Petitioner-appellant appeals from a judgment *768affirming a decision of the Spokane Civil Service Commission sustaining his discharge from city employment.
Petitioner was an employee of the Water Department of the City of Spokane. On February 24, 1970, he was convicted on two counts of indecent liberties and sentenced to a term of not more than 20 years on each count. Petitioner appealed the conviction to this division of the Court of Appeals.
Thereafter, on August 14, 1970, petitioner was served with a notice of discharge from the City Manager1 and promptly filed an appeal with the Civil Service Commission. Hearing on the Commission appeal was delayed pending the outcome of the criminal appeal.
On December 4, 1970, the conviction was reversed and remanded for new trial because of the trial court’s failure to secure petitioner’s consent before allowing the jury to separate during trial. This case was not retried.
On June 27, 1972, hearings commenced before the Commission limited to items 2 and 3 of the notice of discharge, i.e., whether petitioner was guilty of misconduct unbecoming a city employee and conduct amounting to disgraceful conduct. In the course of the hearing, the following evidence was produced: the testimony of petitioner, a former wife, the Assistant City Manager, other city employees and, in addition, the record of the criminal trial. The Commission confirmed petitioner’s discharge.
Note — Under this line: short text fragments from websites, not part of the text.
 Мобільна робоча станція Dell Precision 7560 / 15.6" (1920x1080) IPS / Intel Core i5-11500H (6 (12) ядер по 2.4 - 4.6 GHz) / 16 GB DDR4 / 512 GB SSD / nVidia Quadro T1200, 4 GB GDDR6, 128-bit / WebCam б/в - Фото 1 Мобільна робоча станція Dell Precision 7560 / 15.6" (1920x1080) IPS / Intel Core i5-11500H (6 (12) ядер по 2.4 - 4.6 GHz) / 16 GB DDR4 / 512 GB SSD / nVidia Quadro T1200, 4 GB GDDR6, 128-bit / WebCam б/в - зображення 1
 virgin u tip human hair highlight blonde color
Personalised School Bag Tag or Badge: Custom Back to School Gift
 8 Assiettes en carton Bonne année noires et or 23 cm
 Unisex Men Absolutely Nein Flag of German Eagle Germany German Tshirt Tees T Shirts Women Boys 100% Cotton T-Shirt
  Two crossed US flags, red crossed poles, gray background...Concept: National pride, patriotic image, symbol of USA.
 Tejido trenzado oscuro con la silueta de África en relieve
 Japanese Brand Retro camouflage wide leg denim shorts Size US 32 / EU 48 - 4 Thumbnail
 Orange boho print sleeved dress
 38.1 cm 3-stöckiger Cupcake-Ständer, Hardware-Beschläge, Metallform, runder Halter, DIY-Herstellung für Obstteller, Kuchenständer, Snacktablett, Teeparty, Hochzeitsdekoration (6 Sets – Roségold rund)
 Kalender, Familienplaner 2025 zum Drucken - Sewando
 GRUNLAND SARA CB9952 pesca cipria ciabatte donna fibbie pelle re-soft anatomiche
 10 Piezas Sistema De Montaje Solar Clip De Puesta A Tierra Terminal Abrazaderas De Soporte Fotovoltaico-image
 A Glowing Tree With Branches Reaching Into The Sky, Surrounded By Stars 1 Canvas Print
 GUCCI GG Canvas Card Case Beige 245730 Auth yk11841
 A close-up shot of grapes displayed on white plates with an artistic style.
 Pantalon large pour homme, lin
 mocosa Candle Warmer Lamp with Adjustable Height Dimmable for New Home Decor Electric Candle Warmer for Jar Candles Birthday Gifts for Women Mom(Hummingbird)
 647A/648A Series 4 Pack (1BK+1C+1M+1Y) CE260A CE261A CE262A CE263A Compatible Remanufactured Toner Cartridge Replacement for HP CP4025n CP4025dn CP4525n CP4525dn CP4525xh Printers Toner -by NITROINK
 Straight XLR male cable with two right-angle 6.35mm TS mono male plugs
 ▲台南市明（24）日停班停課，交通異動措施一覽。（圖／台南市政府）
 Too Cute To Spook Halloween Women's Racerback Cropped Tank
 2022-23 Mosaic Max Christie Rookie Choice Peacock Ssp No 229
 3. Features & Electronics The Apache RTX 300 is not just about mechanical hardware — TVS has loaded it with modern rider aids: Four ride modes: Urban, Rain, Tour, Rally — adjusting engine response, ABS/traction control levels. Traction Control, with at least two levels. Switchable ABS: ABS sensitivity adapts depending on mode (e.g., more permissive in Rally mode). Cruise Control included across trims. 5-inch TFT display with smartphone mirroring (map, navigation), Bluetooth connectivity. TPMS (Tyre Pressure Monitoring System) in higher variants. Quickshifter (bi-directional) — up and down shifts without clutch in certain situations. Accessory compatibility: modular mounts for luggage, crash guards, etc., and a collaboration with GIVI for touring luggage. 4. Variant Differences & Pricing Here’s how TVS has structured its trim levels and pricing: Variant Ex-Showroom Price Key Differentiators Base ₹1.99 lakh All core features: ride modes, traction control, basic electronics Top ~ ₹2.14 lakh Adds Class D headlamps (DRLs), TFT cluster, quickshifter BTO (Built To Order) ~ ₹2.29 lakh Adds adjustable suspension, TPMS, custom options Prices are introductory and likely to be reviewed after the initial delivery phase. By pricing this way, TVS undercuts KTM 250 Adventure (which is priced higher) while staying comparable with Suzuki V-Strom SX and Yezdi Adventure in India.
Four issues need be determined on review: (1) Was hearsay testimony improperly considered? (2) Are the Civil Service rules allowing discharge of an employee for disgraceful conduct or conduct unbecoming a city employee *769so vague as to be unconstitutional? (3) Can a city employee be discharged for isolated incidents of unbecoming or disgraceful off-duty conduct? (4) Did the Commission erroneously admit into evidence the record of petitioner’s criminal trial? These questions must be considered in light of the limited scope of review on appeal from a Civil Service Commission decision.
The court in State ex rel. Perry v. Seattle, 69 Wn.2d 816, 817, 420 P.2d 704 (1966), placed the scope of judicial review in proper perspective, stating:
Specifically, the real issue before the court is not “What is right”? but rather, “Who decides what is right”?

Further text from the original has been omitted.